I am a third-generation citizen of Red Sox Nation. My grandfather went to one of the World Series Games at Fenway Park in 1946. My father wanted his ashes spread in right field. I remember the heartache in 1967, 1975, and 1986. This was high drama for me as a kid, and until a few years ago, I watched sports with a reverence reserved only for religion and liberal politics.


The World Cup in Qatar sums up my feelings about professional sports now: it’s just another opiate of the masses. And a dangerous one. “Qatar hosting the soccer World Cup is like Donald Trump becoming president of the United States. It should not have happened, but the very fact that it did only exposes how bad things have become."


“Wait!” I hear you say. “What about the camaraderie? The singing? The shared love-hate-disappointment-ecstasy? The way a team can bring a community together?”


You can look at religion the same way: pour in tons of money, oversell its ability to effect societal good, ignore the damage it causes, and deify its celebrities.


It’s all fun and games until somebody gets genocidal.


Qatar bought the right to host—nothing else about the country justifies having the Cup there. They used essentially slave labor to construct the venues, and it’s so hot in Qatar that they moved the event to the middle of the regular season for European teams because holding it during the summer would have jeopardized all the athletes. “This is as preposterous as running the World Series over Christmas week—in Jeddah.”


Football hooligans have long been a screaming beacon of reasons not to follow professional sports, much like the rioters in Philadelphia (2018), Vancouver (2011), Detroit (1990), and Boston (2004, 2007, 2013) following championship wins or losses. (But the singing!
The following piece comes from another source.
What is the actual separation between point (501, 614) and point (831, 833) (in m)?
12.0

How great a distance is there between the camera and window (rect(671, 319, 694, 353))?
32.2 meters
The community! The grace, the beauty!) In the Detroit riots of 1990, eight people died. Thirty-nine people died in Brussels in 1985 during a European Cup final. (Poetry in motion!)


In England, the incidence of domestic abuse rises as much as 38% after the home side loses a major match. (Just the lads being high-spirited.) Americans have many more sports to riot about—basketball, baseball, (American) football—so maybe soccer alone doesn’t cause as much intimate partner violence on this side of the Atlantic.
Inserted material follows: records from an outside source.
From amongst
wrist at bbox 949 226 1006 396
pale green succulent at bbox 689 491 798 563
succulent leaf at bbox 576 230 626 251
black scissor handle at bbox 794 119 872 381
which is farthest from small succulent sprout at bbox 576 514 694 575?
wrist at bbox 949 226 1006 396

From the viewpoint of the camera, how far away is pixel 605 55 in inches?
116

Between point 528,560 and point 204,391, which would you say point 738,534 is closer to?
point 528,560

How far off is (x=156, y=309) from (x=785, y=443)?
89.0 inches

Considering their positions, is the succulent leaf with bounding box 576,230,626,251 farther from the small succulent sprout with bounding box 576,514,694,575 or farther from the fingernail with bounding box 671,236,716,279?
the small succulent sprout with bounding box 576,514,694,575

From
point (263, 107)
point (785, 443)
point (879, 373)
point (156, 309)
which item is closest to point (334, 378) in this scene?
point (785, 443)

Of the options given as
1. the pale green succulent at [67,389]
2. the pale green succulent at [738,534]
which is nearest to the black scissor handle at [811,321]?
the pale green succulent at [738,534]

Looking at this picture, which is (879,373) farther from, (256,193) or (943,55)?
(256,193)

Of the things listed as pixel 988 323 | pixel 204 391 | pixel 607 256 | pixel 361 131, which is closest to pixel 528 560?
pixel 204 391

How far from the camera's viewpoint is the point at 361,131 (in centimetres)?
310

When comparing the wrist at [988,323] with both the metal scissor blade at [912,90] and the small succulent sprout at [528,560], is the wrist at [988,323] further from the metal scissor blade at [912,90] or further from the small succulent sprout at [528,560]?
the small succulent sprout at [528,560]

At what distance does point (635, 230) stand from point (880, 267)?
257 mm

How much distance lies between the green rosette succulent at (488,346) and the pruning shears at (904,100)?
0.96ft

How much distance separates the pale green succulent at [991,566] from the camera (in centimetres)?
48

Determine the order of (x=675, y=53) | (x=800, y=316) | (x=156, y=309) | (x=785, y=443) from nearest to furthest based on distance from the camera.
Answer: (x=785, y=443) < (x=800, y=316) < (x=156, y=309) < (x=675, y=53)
We live on a planet dying from climate change, where democratically elected leaders govern only 46% of the world, where war rages on three continents, and over 800 million people go to bed hungry. Yet we spend hundreds of millions on sports in a country so backward that women are less than second-class citizens, the legal system sanctions the removal of body parts for certain crimes, and homosexuality is illegal.


We’re satisfied with the circus—we’ll bring our own bread, thank you very much.


Who needs to go to church on Sunday when the Pats are playing?